### The problem
Reproduce the whole listing exactly and let no picture into the copy.

Segment Start: Stored data

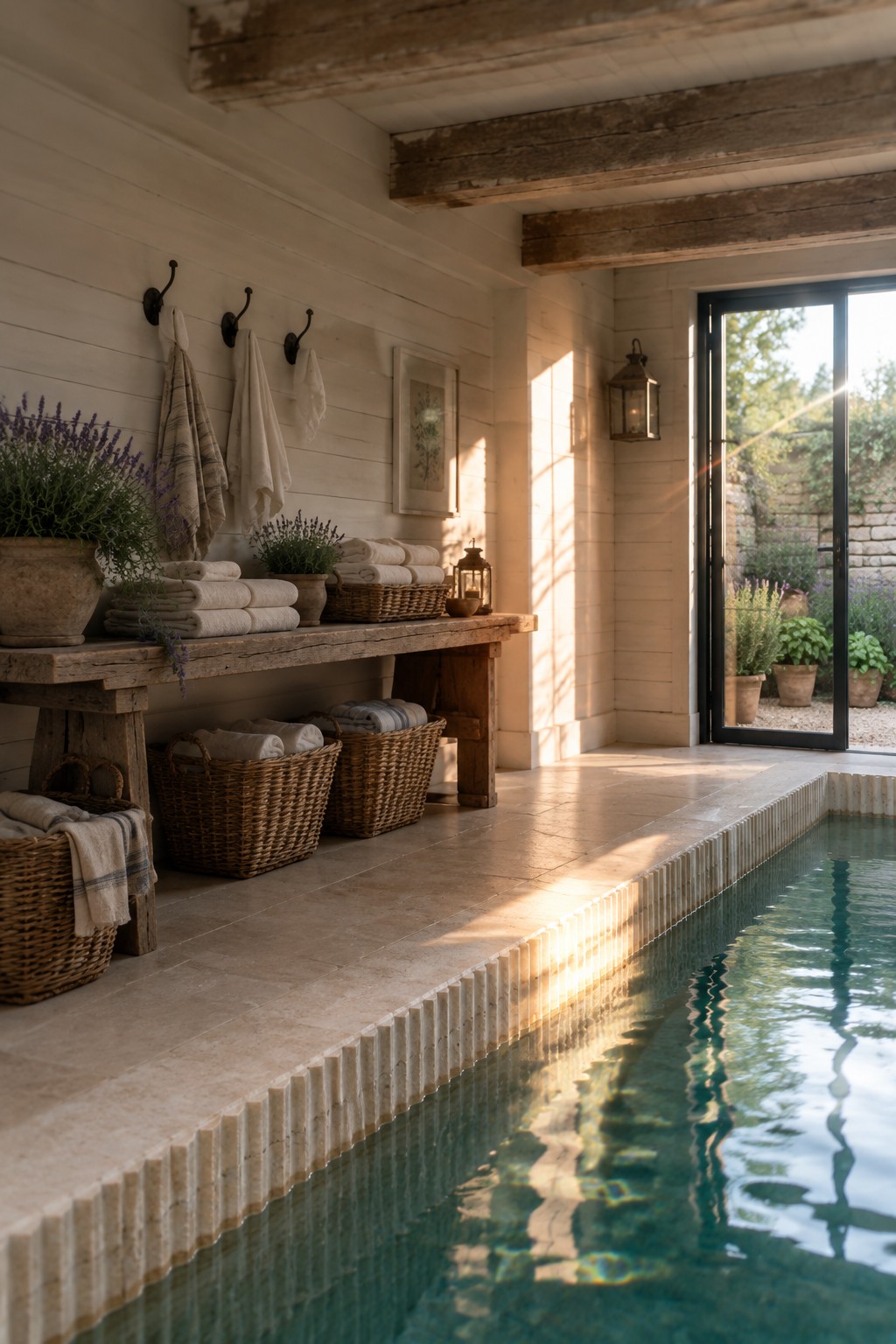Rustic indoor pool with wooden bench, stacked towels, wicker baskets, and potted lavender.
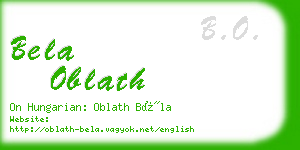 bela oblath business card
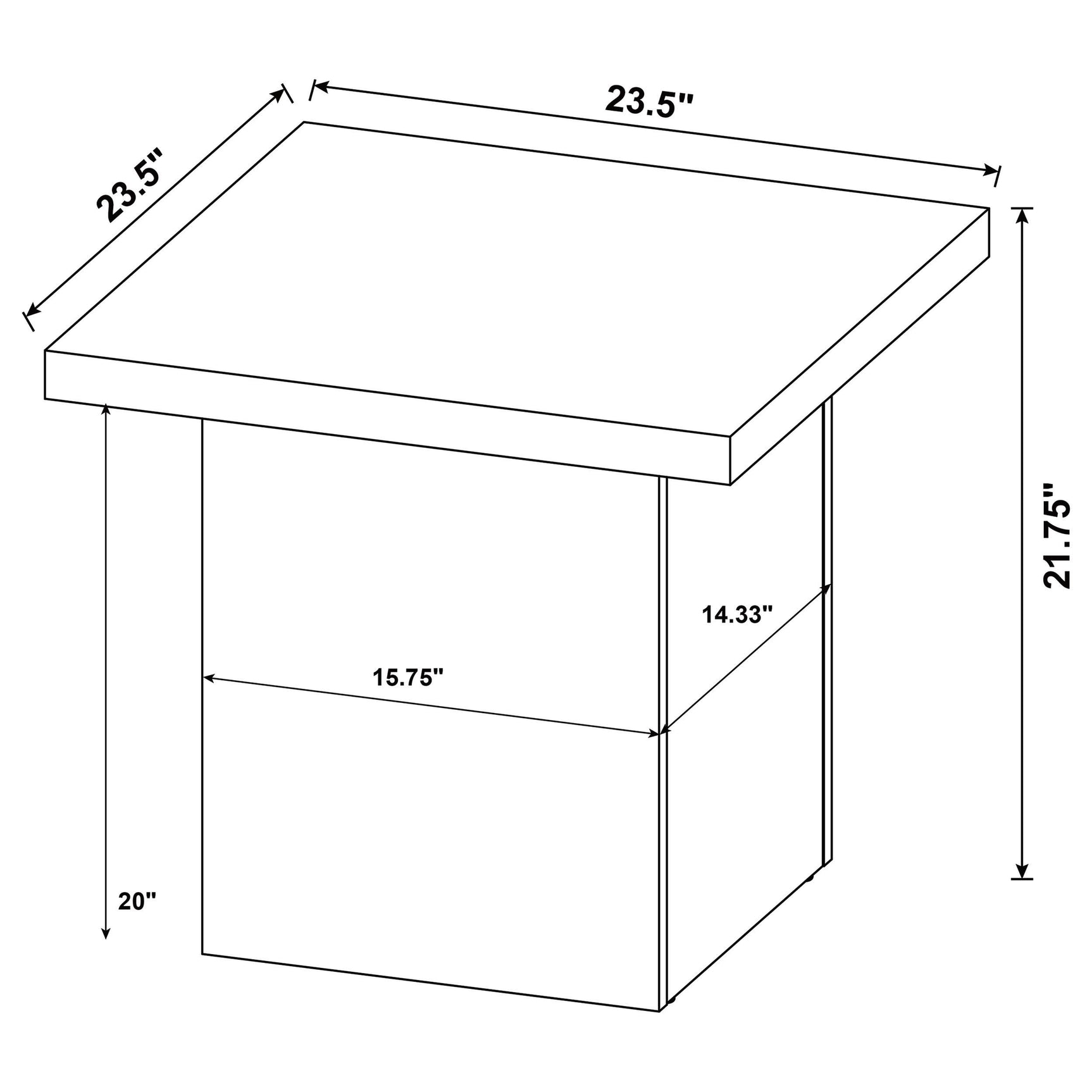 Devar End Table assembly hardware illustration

Segment End: Stored data

### Response below
Rustic indoor pool with wooden bench, stacked towels, wicker baskets, and potted lavender.
 bela oblath business card
 Devar End Table assembly hardware illustration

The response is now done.